Date
5-20-2026
Department
School of Education
Degree
Doctor of Philosophy in Education (PhD)
Chair
Melinda Carver
Keywords
teacher stress, teacher anxiety, stress, anxiety, class size, planning time, private schools, work week
Disciplines
Education | Educational Administration and Supervision
Recommended Citation
Guilliams, Anna E., "A Correlational Study of Work-Related Factors on Private School Teachers’ Stress and Anxiety" (2026). Doctoral Dissertations and Projects. 8338.
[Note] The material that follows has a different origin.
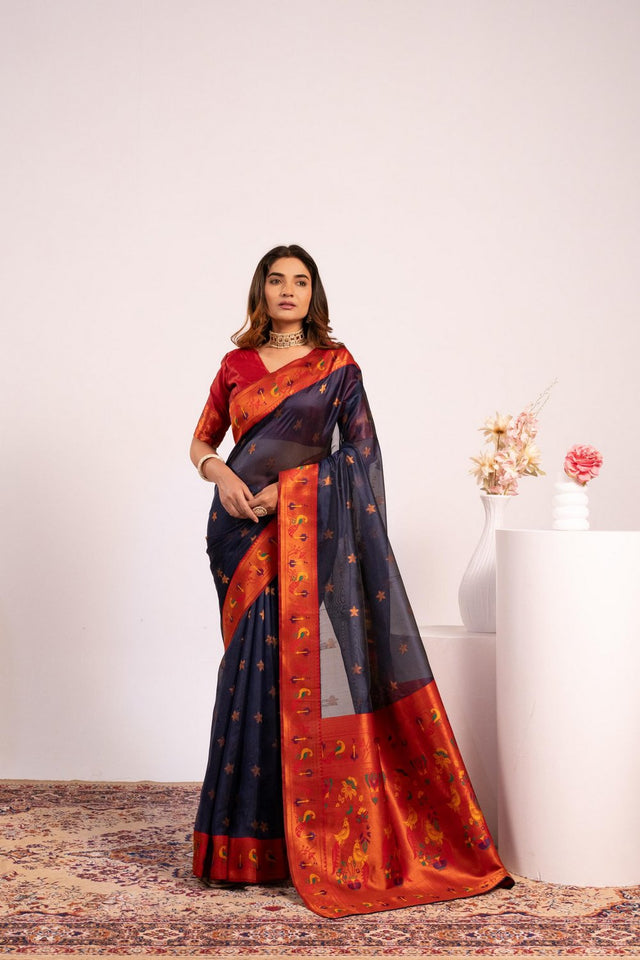 Blue Floral Woven Art Silk Saree (Eth_SR_191)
https://digitalcommons.liberty.edu/doctoral/8338
Abstract
The purpose of this correlational predictive study is to examine the factors of class size, hours worked during the week, and hours given to plan a week and determine if there is a predictive nature between these factors and perceived stress and anxiety in private school teachers. Determining the root causes of the rising rates of teacher stress is imperative to the future of the education system because teacher stress has a direct relationship to attrition, job satisfaction, teacher physical health, and job performance. A group of 115 private school teachers from a southern state participated in online surveys to collect data on their class size, hours worked during the week, minutes of planning time given in a week, and their stress scores as determined by the Depression Anxiety Stress Scale (DASS-21). The factors were analyzed using a multiple linear regression. This study found a predictive relationship between the factors of minutes of planning time given in a week and the teacher’s perceived anxiety score. This study did not find a predictive relationship between class size, hours worked during the week, minutes of planning time given in a week, and the teacher perceived stress scores of private school teachers. It also did not find a predictive relationship between class size and hours worked during the week and teacher perceived anxiety scores. Recommendations for future research include analyzing other factors that may better predict teacher stress, specifically internal factors that would not be situationally based, and comparing private school teacher stress to public school teacher stress.